Opinion
No. 18091.
July 21, 1993.
APPEAL FROM THE CIRCUIT COURT, WEBSTER COUNTY, DANIEL M. KNUST, J.
Steven E. Marsh, Hulston, Jones, Gammon Marsh, Springfield, for defendants-appellants.
Maureen McCarthy Franz, Franz Franz, P.C., St. Louis, for plaintiffs-respondents.
This action was instituted in the Circuit Court of Webster County. Plaintiffs are a labor union and union officials, including the president of Local 841 which is affiliated with the union. The 24 defendants are allegedly members of Local 841 and the union. The petition sought judgment against the respective defendants in amounts varying from $32 to $80, representing unpaid membership dues allegedly owed by the defendants.
After defendants filed an answer, plaintiffs filed a motion for summary judgment. Defendants filed a "Cross-Motion" for summary judgment. The trial court sustained plaintiffs' motion for summary judgment, denied defendants' cross-motion, and entered judgment in favor of plaintiffs against the defendants in amounts totaling $1,696, together with prejudgment interest. Defendants appeal.
A motion for summary judgment "shall state with particularity the grounds therefor." Rule 74.04(c). Defendants contend that the trial court erred in sustaining plaintiffs' motion for summary judgment because the ground on which it was based was, for reasons to be stated, insufficient. This court agrees.
All references to rules are to Missouri Rules of Court, V.A.M.R.
In ITT Commercial Finance Corp. v. Mid-America Marine Supply Corp., 854 S.W.2d 371 (Mo. banc 1993), the court said:
When considering appeals from summary judgments, the Court will review the record in the light most favorable to the party against whom judgment was entered. Facts set forth by affidavit or otherwise in support of a party's motion are taken as true unless contradicted by the non-moving party's response to the summary judgment motion. We accord the non-movant the benefit of all reasonable inferences from the record.

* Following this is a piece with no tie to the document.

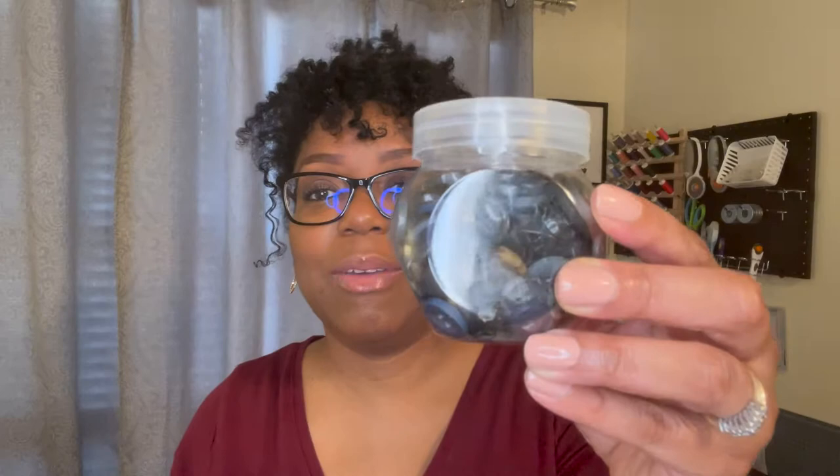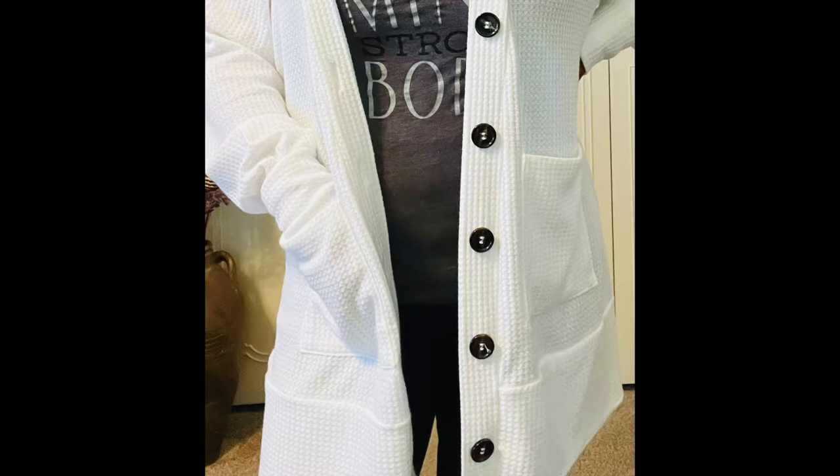The buttons on this cardigan came from Dollar Tree. In a previous video — I'll link it in the description — I covered different sewing items you can get from Dollar Tree. I found this container of buttons there. These containers hold about 80 buttons approximately. The pattern calls for three-quarter inch buttons; these are about an inch, but I like the way they look and they still work just fine.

Our review is essentially de novo. The criteria on appeal for testing the propriety of summary judgment are no different from those which should be employed by the trial court to determine the propriety of sustaining the motion initially. The propriety of summary judgment is purely an issue of law. As the trial court's judgment is founded on the record submitted and the law, an appellate court need not defer to the trial court's order granting summary judgment. . . .
[T]he movant continues to bear the burden of establishing a legal right to judgment and the absence of any genuine issue as to any material fact required to support that right to judgment.
Plaintiffs' motion for summary judgment was based on the ground that certain portions of defendants' answer, consisting of denials and affirmative defenses, "have been ruled on by the National Labor Relations Board; that ruling was in favor of plaintiffs. A copy of said ruling . . . is attached hereto as Exhibit A and incorporated herein by reference. The doctrine of collateral estoppel applies and defendants' denials are precluded. Further, affirmative defenses raised by defendants are likewise precluded by the doctrine of collateral estoppel."
Exhibit A, attached to plaintiffs' motion, was a letter from the Regional Director of Region 17 of the National Labor Relations Board directed to an attorney who represented some, and perhaps all, of the defendants. That letter said, in pertinent part: "The above-captioned case, charging a violation under Section 8 of the National Labor Relations Act, as amended, has been carefully investigated and considered. . . . Based upon all of the foregoing, I am refusing to issue a complaint in this matter."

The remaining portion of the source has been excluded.